ASSIGNMENT:
What you return must match the records word for word, except that pictures are dropped.

BEGIN RECORDS TO USE

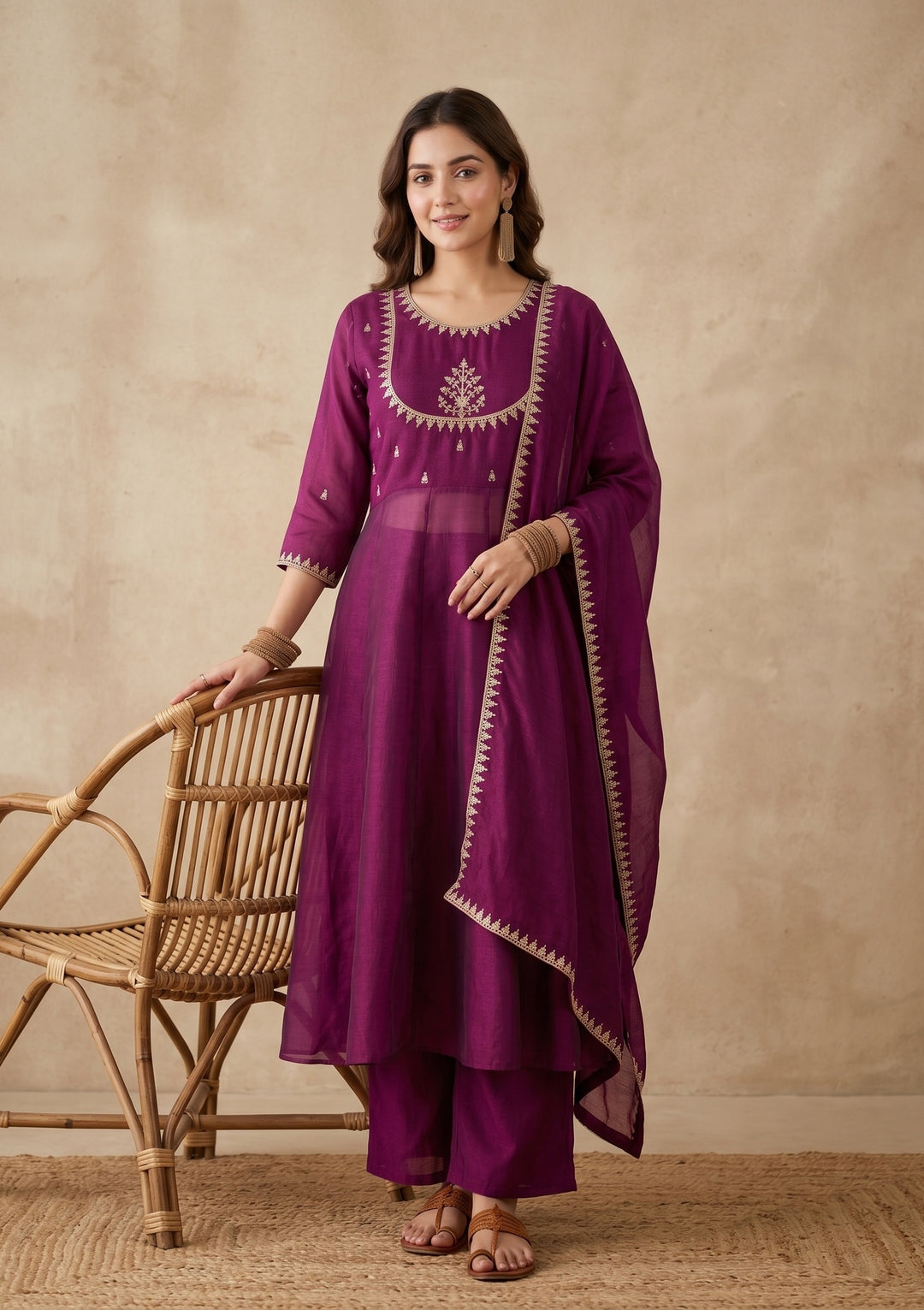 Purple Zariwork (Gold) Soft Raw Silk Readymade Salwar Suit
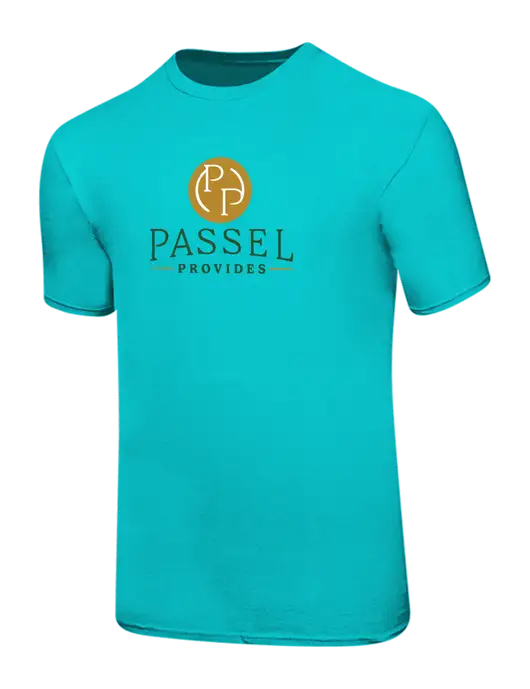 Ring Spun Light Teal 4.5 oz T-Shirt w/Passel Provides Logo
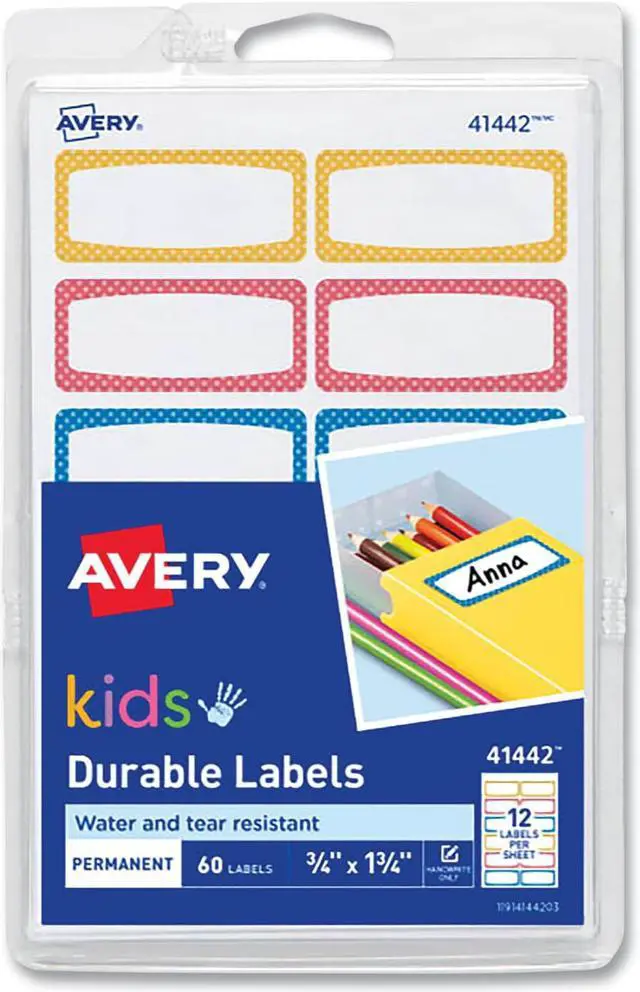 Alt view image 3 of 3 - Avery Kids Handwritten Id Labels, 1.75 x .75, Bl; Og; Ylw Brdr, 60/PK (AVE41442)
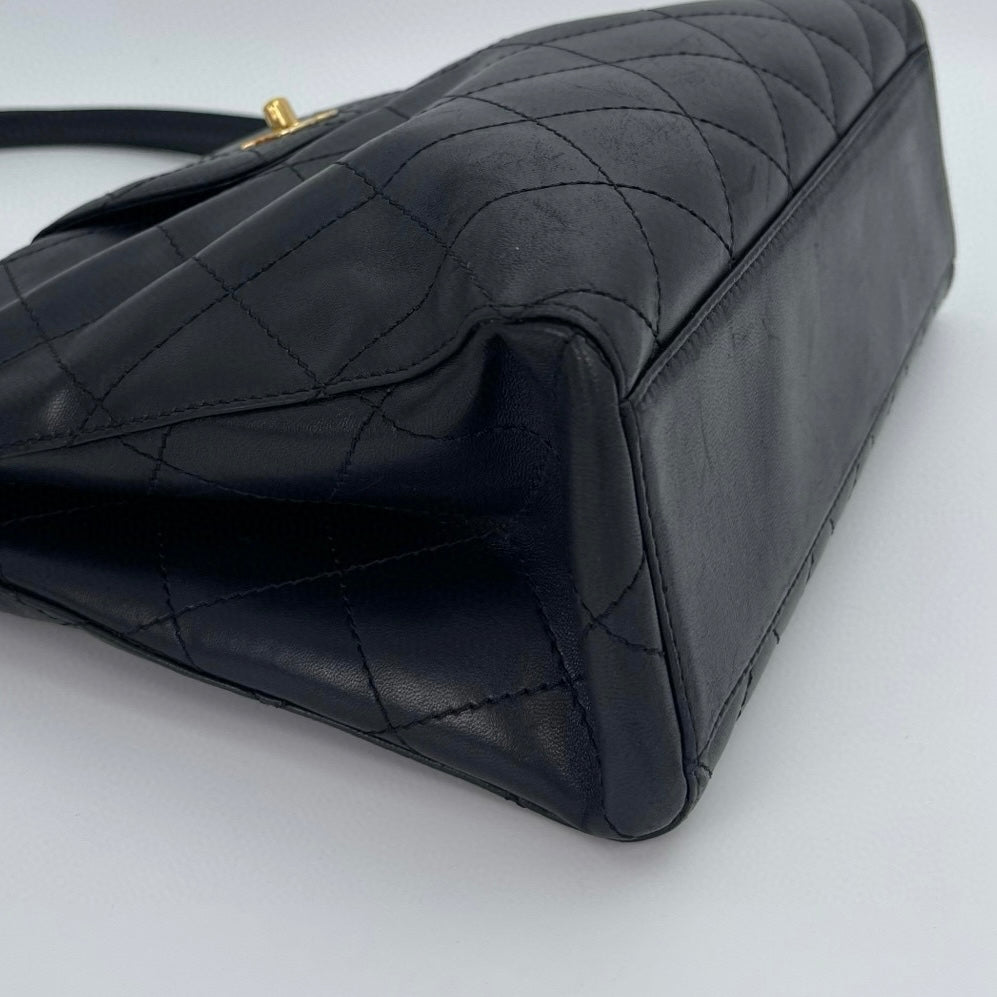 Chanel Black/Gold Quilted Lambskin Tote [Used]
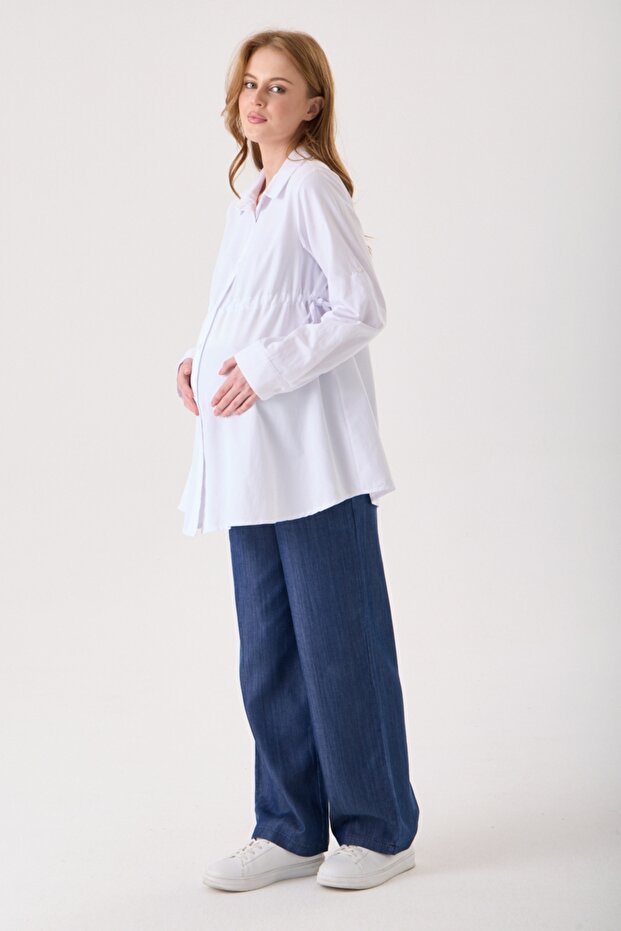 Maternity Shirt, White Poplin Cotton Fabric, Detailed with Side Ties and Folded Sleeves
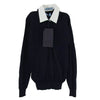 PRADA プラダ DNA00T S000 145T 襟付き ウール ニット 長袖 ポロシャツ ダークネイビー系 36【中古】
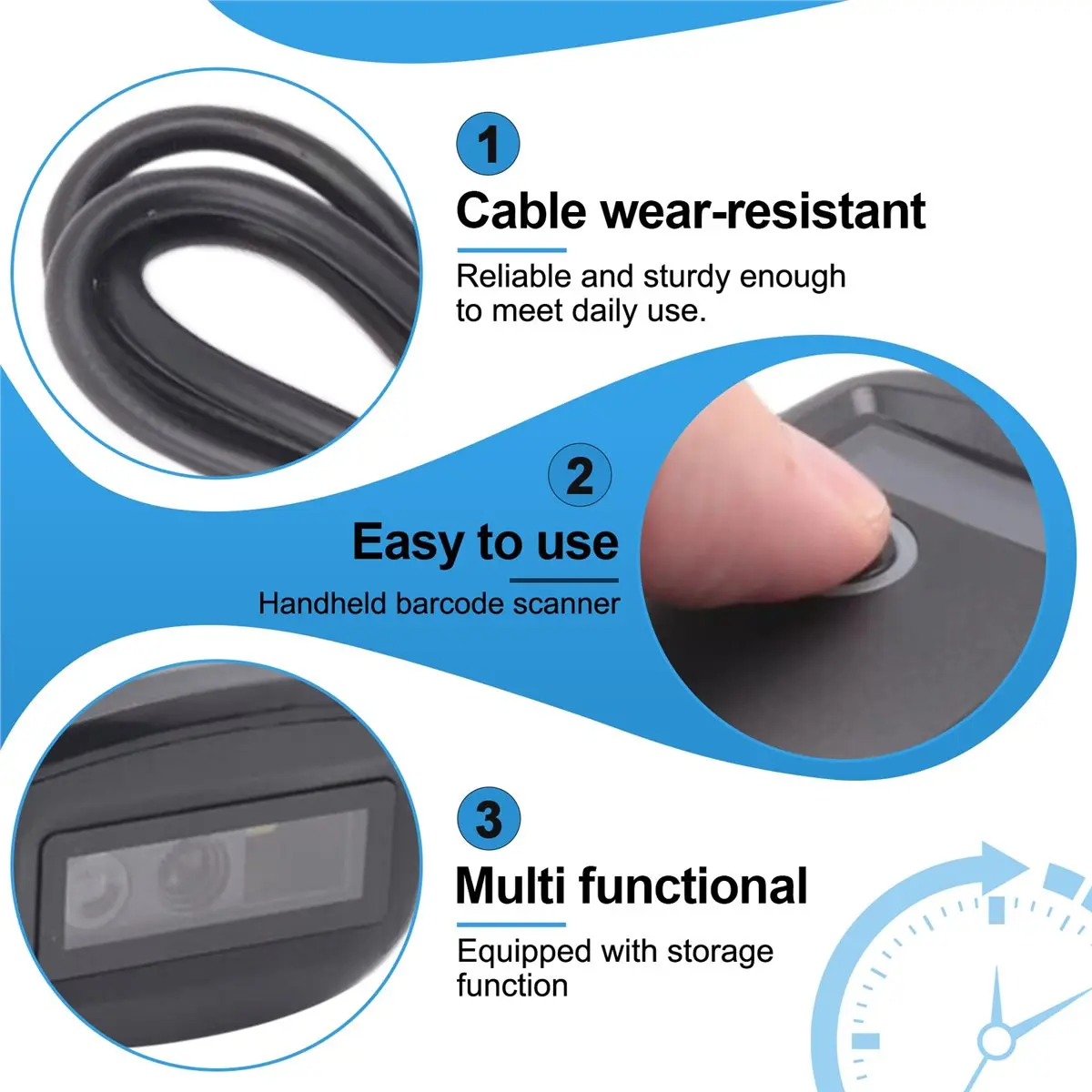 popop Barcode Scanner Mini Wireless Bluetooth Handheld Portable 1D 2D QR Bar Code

END RECORDS TO USE

RESPONSE FOR THIS EXERCISE:
 Purple Zariwork (Gold) Soft Raw Silk Readymade Salwar Suit
 Ring Spun Light Teal 4.5 oz T-Shirt w/Passel Provides Logo
 Alt view image 3 of 3 - Avery Kids Handwritten Id Labels, 1.75 x .75, Bl; Og; Ylw Brdr, 60/PK (AVE41442)
 Chanel Black/Gold Quilted Lambskin Tote [Used]
 Maternity Shirt, White Poplin Cotton Fabric, Detailed with Side Ties and Folded Sleeves
 PRADA プラダ DNA00T S000 145T 襟付き ウール ニット 長袖 ポロシャツ ダークネイビー系 36【中古】
 popop Barcode Scanner Mini Wireless Bluetooth Handheld Portable 1D 2D QR Bar Code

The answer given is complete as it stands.